Y a todas estas, apareció el dicho y se quedó. Usado entre nosotros para evadir una respuesta, para evadir el compromiso y no opinar nada sobre un tema o persona. Es nuestra expresión favorita, junto con: me parece muy inclusive, en lugar de aquella más directa que dicen en otros lares: se me dañó el opinómetro.
De modo que ante la pregunta impertinente: “¿Qué opinión le merece el señor rector?” La mejor respuesta es: “Pues me parece mucho lo uis”. ¿Por qué será que los periodistas no encuentran mejor forma de entrevistar?, y siempre recurren a la socorrida preguntica: Qué opinión le merece… Qué opinión le merecen las declaraciones del ministro, preguntan con peregrino desenfado. Ante esto no queda más que salir con la nuestra: “pues que están mucho lo uis”. Y ¡san se acabó!
¡ORA, PUES!
Tal parece que hay expresiones que tiene sexo. Y esta es una de ellas, que se puede decir, sólo la usan las damas para responder a una proposición. Un hombre jamás responde así y si lo hace, se pone en duda su hombría porque es una expresión de damas, que la dicen con una gracia infinita, con una sutil entonación, volteando la cabeza hacia un lado sin mirarlo a uno y agitando la mano contraria que levantan a la altura del hombro, dejándolo a uno mirando para San Felipe, con el credo en la boca, antes de salir huyendo.

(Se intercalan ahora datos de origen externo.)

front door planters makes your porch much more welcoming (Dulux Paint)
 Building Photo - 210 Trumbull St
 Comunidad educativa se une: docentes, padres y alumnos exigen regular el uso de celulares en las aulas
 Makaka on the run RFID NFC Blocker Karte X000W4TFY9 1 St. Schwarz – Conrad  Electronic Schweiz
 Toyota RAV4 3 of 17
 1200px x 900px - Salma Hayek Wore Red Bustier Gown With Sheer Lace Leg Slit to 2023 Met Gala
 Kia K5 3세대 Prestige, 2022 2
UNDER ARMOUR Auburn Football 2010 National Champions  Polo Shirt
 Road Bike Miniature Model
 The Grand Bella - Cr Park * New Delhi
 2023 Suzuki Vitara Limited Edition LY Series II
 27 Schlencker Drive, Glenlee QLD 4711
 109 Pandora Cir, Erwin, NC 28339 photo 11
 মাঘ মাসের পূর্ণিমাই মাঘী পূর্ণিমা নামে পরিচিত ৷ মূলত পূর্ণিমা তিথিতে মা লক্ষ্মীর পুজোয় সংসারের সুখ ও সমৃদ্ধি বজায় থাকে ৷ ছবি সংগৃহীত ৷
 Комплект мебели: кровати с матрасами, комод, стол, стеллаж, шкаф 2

Sabido es lo impredecibles e indecisas que son las damas, pero en esto son maestras las cucuteñas. Jamás dan una respuesta que se pueda decir contundente, ni siquiera que se pueda interpretar como afirmativa o, bueno, negativa. Siempre lo dejan a uno en la duda, porque invariablemente contestan con un “¡ora, pues!” O un “¡déjese de vainas!”
Por lo general es su respuesta favorita que deja una sombra de duda sobre la negación y más bien se interpreta como un aplazamiento de la decisión. Casi siempre la usan con el complemento: ¡cómo se le ocurre! Es su frase recurrente cuando se les pide los favores amorosos, por aquello de que cuando dicen no, es que tal vez y cuando dicen “¡ora, pues!, ¡cómo se le ocurre!”, es que si.
¡ESA VAINA! ¡ESA VOLERA! (ESA BOLERA?)
Si hay unas palabras que nos identifican son estas: vaina y volera. En mi concepto, forman la trilogía lexicográfica del cucuteño, junto con la palabra “tochada”.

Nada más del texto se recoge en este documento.